About Cahore

Cahore (Cathoir) is a small fishing village located 2km from Ballygarrett on the R742 in north Co. Wexford. Located in the heart of the sunny South-East, but only an hour south of Dublin, Cahore has been a popular location for tourists, fishermen, and wild-life enthusiasts for generations.

Cahore, near Ballygarrett in North Wexford Cahore is just an hour south of Dublin, and has been a popular tourist destination for generations.

Cahore Pier

The sea has been an important part of life in Cahore for centuries, and the village itself is dominated by the pier, which was hugely-extended over a hundred years ago, initially for schooner ships to unload coal phosphates and salt. Although small boats have always fished here, the extension to the pier led larger boats to begin depositing their catch at Cahore in later years. Even today, larger whelk-fishing boats are still regular visitors.

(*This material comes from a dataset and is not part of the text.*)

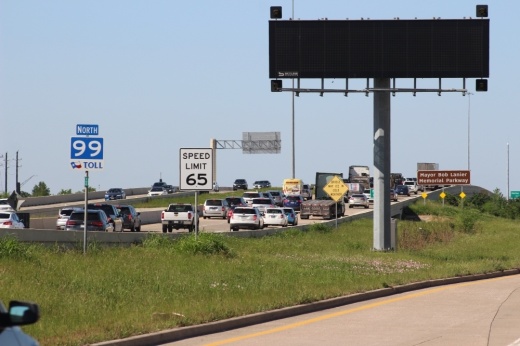 cars drive on a toll road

The pier itself is a busy place, especially in the summertime. For generations, children have fished for crabs from the small bridge that joins the older section of the pier to the newer extension, while many small fishing boats are lauched daily from the slipway. The churning effect of the tides provides superb fishing opportunities in the whole area, and a variety of species like herring, mackeral, tope, smoothhound, spurdog, ray, bass, flounder, whiting, and dogfish can all be found here at different times. Even night fishing directly from the pier itself can produce great results. Sea anglers also frequent the small beach to the immediate north (known locally as "the North Beach"), as do many families, who enjoy swimming and bathing in the shallow, sheltered area between the beach and pier.

The Pier in Cahore, from the North Beach The Pier at Cahore, from the North Beach.

The old coastguard station - now a private dwelling - can be seen just beside the pier. It once employed eight men, whose services were often required. Many ships sank off Cahore in the past, the most noteworthy of which was the Irrawaddy way back in 1895. The seats in St. Mary's Church in nearby Ballygarrett were made from her timbers!

Thankfully, modern technology means larger ships very rarely encounter problems off our coasts anymore. However, smaller vessels who run into trouble near Cahore can rely on the Cahore Inshore Rescue Service, which operates out of the Old Rocket House with a crew of 12 volunteers.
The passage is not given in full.